1. Kaci, I think this is an interesting post. I tend to agree … and disagree. 😉

    I agree that it takes a lot of self-absorption to go for the gold at the expense of someone else’s pain.

    I disagree that we shouldn’t include that which we know, even about others. The thing is, we need to filter it with our own perspective and create an amalgamation of like experiences, to the point that it is unrecognizable as an actual event lived by a real person.

    There’s one book I started to write but have backed away from, in part because I knew I couldn’t disguise well enough my “source material.” Perhaps someday I can ask for permission and will try writing that story again. For now, I can’t.

    Anyway, I appreciate your thoughts on the topic, Kaci.


  2. Ken Rolph says:

    I don’t have any beef with the CBA world either, whatever it is. But you are wrong about the Golden Age. It was the Sixties, definitely. The high point was 1967. It’s been just downhill since then. It was in the tail end of the Sixties that I met my mother-i-law. She was the first truly evil person I had ever encountered. She made me understand what true evil was. Not some assertive, liberating pulse of energy, as it is often depicted. It’s just mean and miserable.

    If ever I write a novel with a truly evil character in it I will embody all her characteristics. There should be no disguise. The world needs to know about this.

    • 🙂 Sounds like I am very blessed to have my mother-in-law, yet of course that’s nothing of my own making. I can only thank God for that. She helped raise my wife to love fantasy and science fiction, and even posts on Speculative Faith sometimes.

      • Ken Rolph says:

        The sixties (which lasted into the seventies) were a turbulent time, but also a time of broadening horizons and coming together. I recall a conference about 1973, just after I got married. It was in Sydney, but involved almost everyone in Australia connected with the youth tsunami which was just beginning to roll. There were Anglicans, Baptists, Uniting (Meth, Pres and Cong), Lutherans. There were school groups, counselling services, staff from denominational youth departments, parachurch organisations. The whole kitten caboodle. For some reason I had to pick up my MIL from shopping and take her home. We called past the conference on the way so I could check how it was going. There was a break, and the participants were all standing around in groups. MIL marched into the middle of the room and announced loudly, Don’t any of these people WORK?

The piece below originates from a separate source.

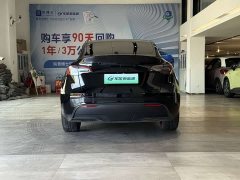 Tesla Model Y 2022 facelift, long-range all-wheel drive version - фото 8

        There’s a while lifetimes worth of stuff I could add. But it did help me understand the grubby nature of true evil. There was a dance program in Sydney once titled Heaven and Hell. In the heaven segment people were floating about, vague and vacuous like they had overdoesd on valium. In the hell segment they were all leaping around full of life and energy. I reviewed this, somewhat acidicly, in a small publication as Hell and Heaven. Some people were upset with my comments. Didn’t I know that evil is about freedom and embracing life? Good is about obeying the rules and never doing anything that isn’t boring. My MIL had helped me realise that wasn’t true.

        I met my wife at university. She had Steve McQueen hair and was sitting on a bundle of anger. I didn’t realise until later that she had changed the form of her first name when she got to uni, so as to reinvent herself. A local state MP had arranged a scholarship for her after her schoolmates had held a fundraising for her fees. She had done well and badly in her HSC. This was related to the fact that her father had tried to strangle her mother in the middle of their street during the exam period. I’ve always had mixed feelings about his lack of success.

        Her mother tried to prevent her from marrying me. I didn’t smoke, drink or swear, so I wasn’t a real man. But her family came to value this in me. My wife and I could be relied on to remain sober at family parties, so we could remove the MIL when she reached a certain point. This was when she would find some men’s underpants, put them on over her slacks and slipped a beer can down the front. She would go around poking at people. So we always got to leave family parties early, but strangely I never regretted this. We’ll skip lightly over the way she used to walk around shopping malls commenting loudly on the stae of other women’s breasts.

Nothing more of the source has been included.